An Auckland kindy has been ordered to pay a total of $265,500 after pleading guilty to charges that it misled parents about the amount of funding it was receiving under the Government’s early childhood education (ECE) scheme.
In addition to a fine of $254,099, Kowhai Montessori Pre-School Ltd was also ordered to pay $11,400 in reparation to four parents who complained to the Commerce Commission.
Kowhai told parents it was receiving significantly lower funding than it actually received, and parents were asked to make up the supposed shortfall between the pre-school’s hourly charge and the subsidy received.
Between October 2013 and October 2014, Kowhai sent parents invoices and letters which misrepresented the subsidy being paid to the kindy under the government’s ECE funding.
The invoices initially represented that Kowhai was receiving a subsidy of $4.70 per child per hour. The correct figure under the Government’s 20 hours’ free ECE funding scheme was $10.32 per child per hour, for eligible children attending Kowhai.
In September 2014, Kowhai advised parents that the hourly ECE subsidy was increasing to $5.70. In fact, Kowhai was by then receiving an hourly ECE subsidy of $11.43 for eligible children.
Kowhai did not inform parents about a further ‘plus 10 ECE’ subsidy which was payable for eligible children, at $5.73 per child per hour, later increasing to $6.70.
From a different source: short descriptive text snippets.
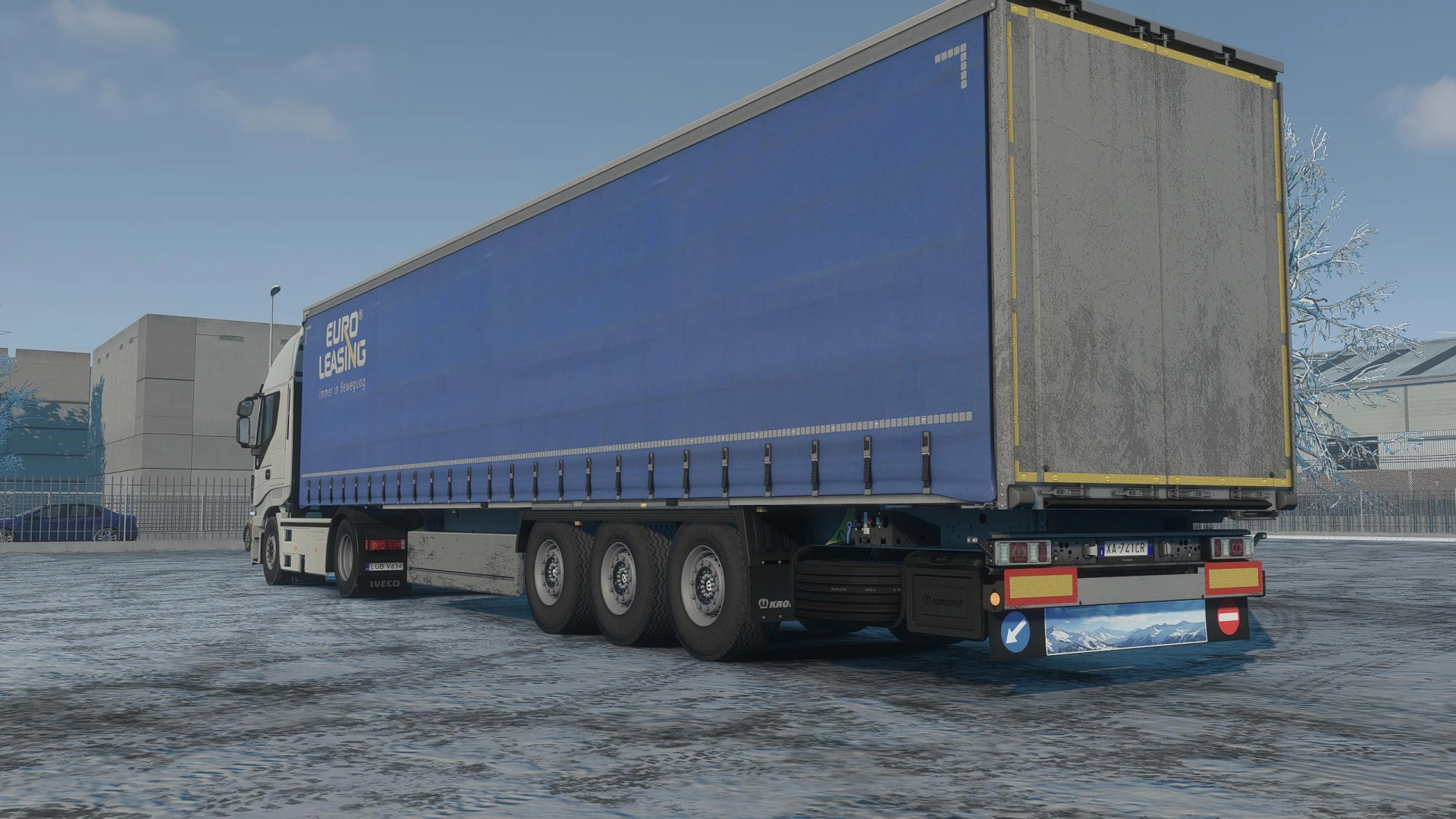 Krone Profiliner by SCS skin pack 1.0 - ETS 2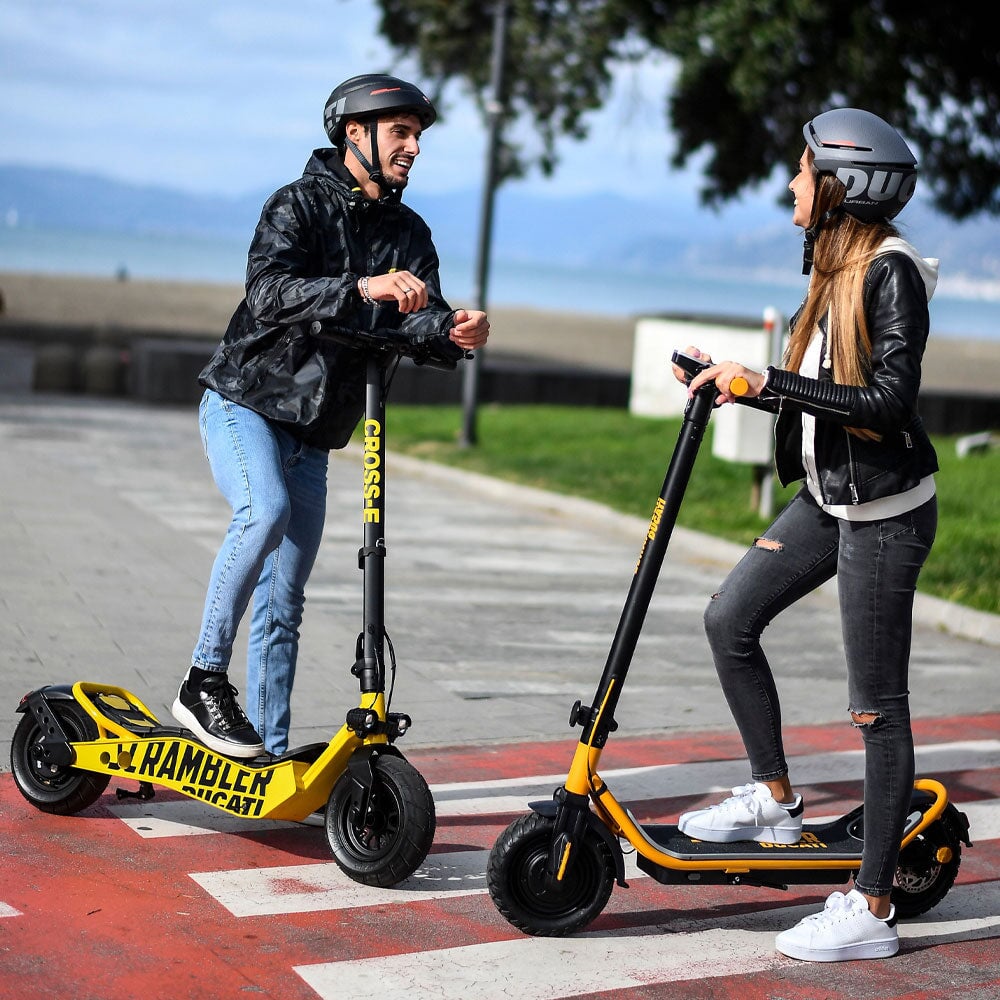 Introducing Ducati E-Mobility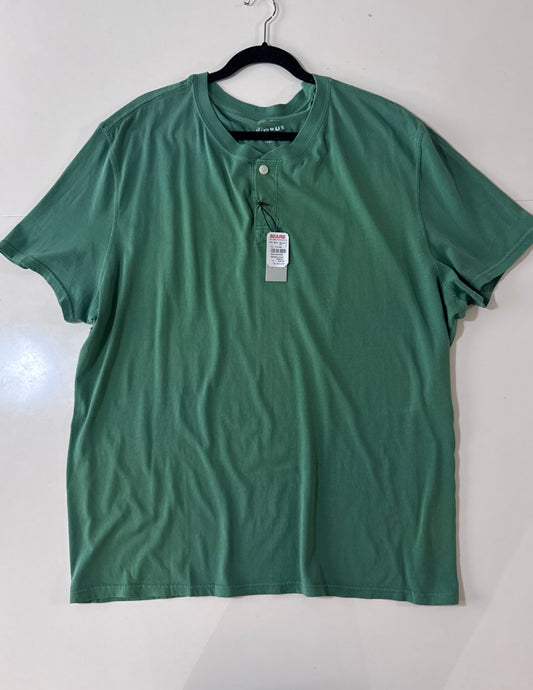 Polo verde claro, Talla 3X, Hombre, J.Opus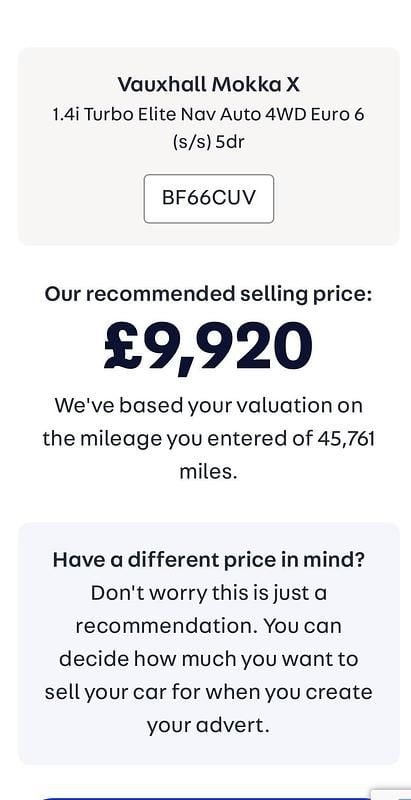 Used Vauxhall Mokka X Elite 152 HP (111 kW) 2016 White SUV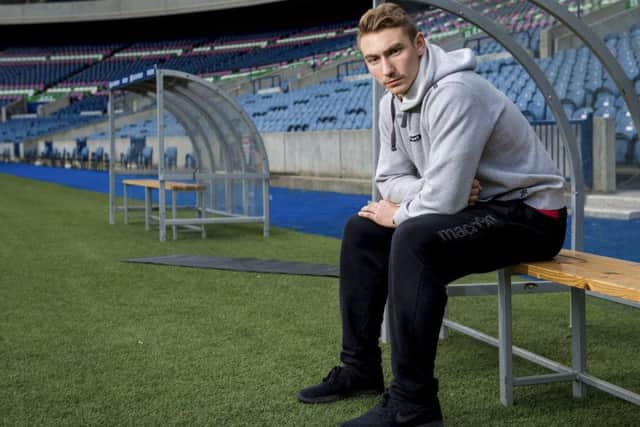 Edinburgh back-row Jamie Ritchie says the possibility of a Scotland cap becomes  more real when your close friends have them.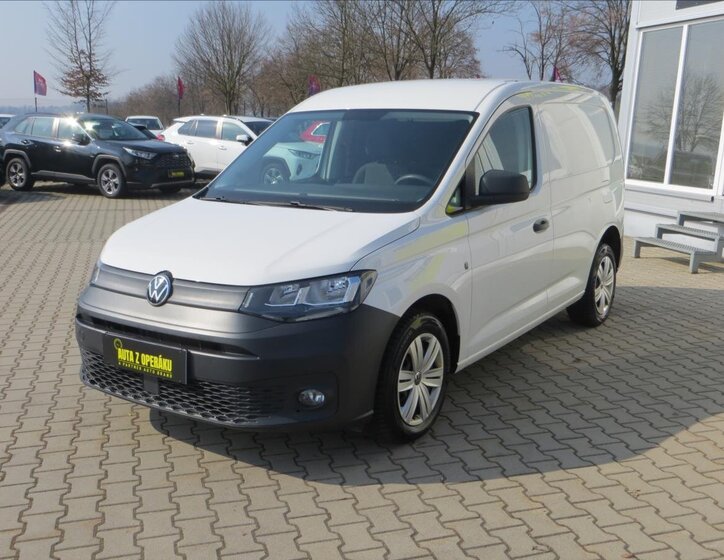 Volkswagen Caddy Skříň 2,0 l 75 kw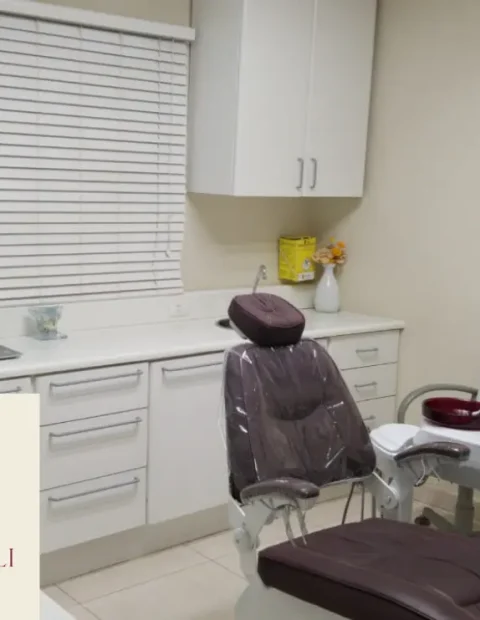 Uma das salas de procedimento Clinica Dr. Marcelo Pincelli
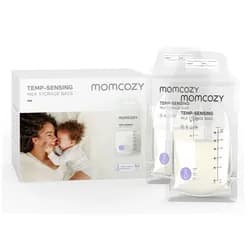 Momcozy MS002-NA00NB Still-Zubehör 50 Stück(e) Muttermilch-Aufbewahrungstasche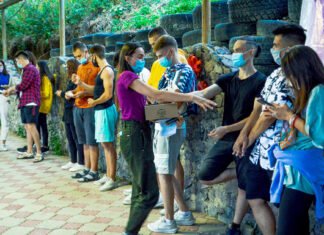 Die Zeit des langersehnten Sommer-Sprachcamps „Jugendtreff 2021“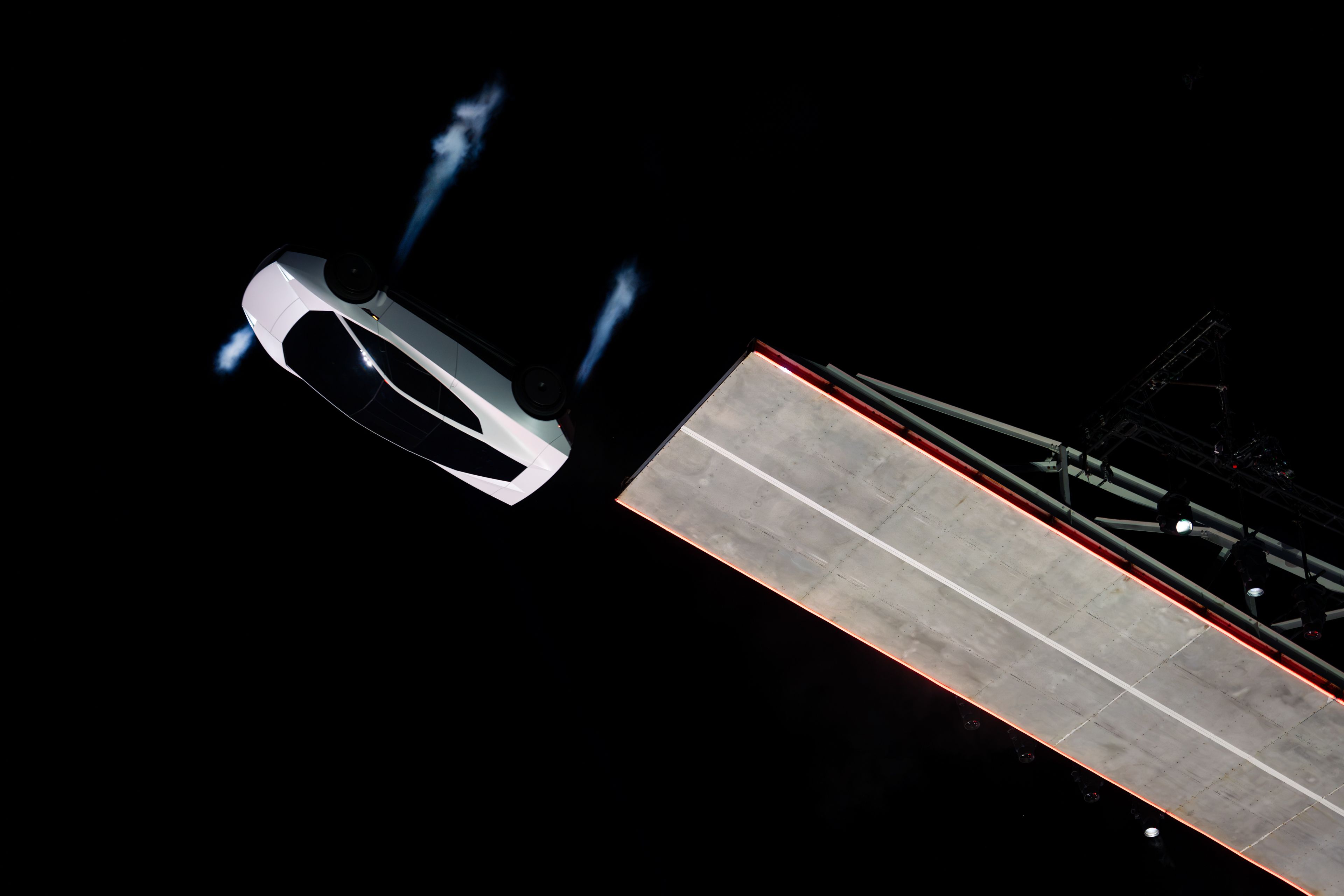 The Physics Behind Tesla’s Flying Roadster — Wired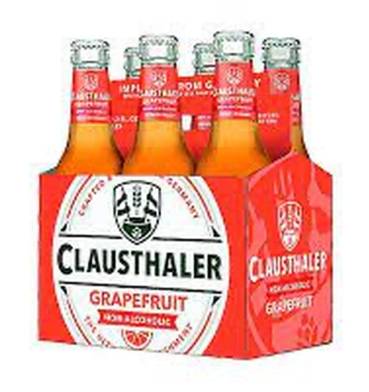 Clausthaler Grapefruit Non-Alcoholic 6-11.2 oz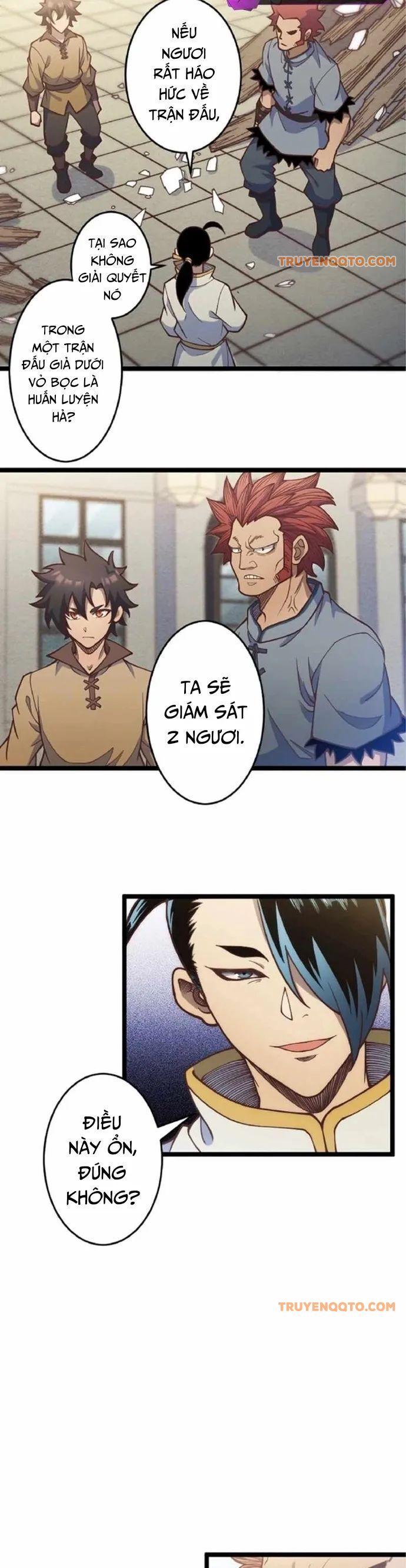 Chúa Quỷ Tái Sinh Chinh Phục Định Mệnh [Chap 1-23]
Grossly wrong representations
In sentencing in the Auckland District Court, Judge Jelas said the offending involved representations which were “grossly wrong” and required parents to pay significant additional amounts in childcare costs.
She said “one obvious motivation was to maximise an unlawful financial gain” and Kowhai “undermined the purpose of the ECE programme by making its services appear more expensive than they ought to have been”.
“The case is a reminder that it is critical that service providers who are Government subsidised, as well as part-charging the public, accurately reflect the subsidies they are receiving and do not mislead the public about the existence or amount of public funding for their services,” says Commissioner Anna Rawlings.
“Over the period covered by the charges, in our best estimate Kowhai received $221,632 in ECE funding which was not disclosed to parents.”
Former manager and director Rebecca Jayne Brindle has signed a personal court enforceable undertaking to pay any part of the fine that Kowhai fails to pay.
Kowhai Montessori Pre-School was sold in 2015 and now operates under a new name and under new management.
The Ministry of Education’s Deputy Secretary of Sector Enablement and Support, Katrina Casey says it’s unacceptable that parents were misled by an early learning service.
“Parents should be able to get accurate information from their early learning service about how fees are calculated and about funding they’ve received from us. We are very disappointed that this didn’t happen at Kowhai Montessori. While we believe this is an isolated case, we will be reminding all early learning services that they need to provide accurate information to parents on how fees are calculated.”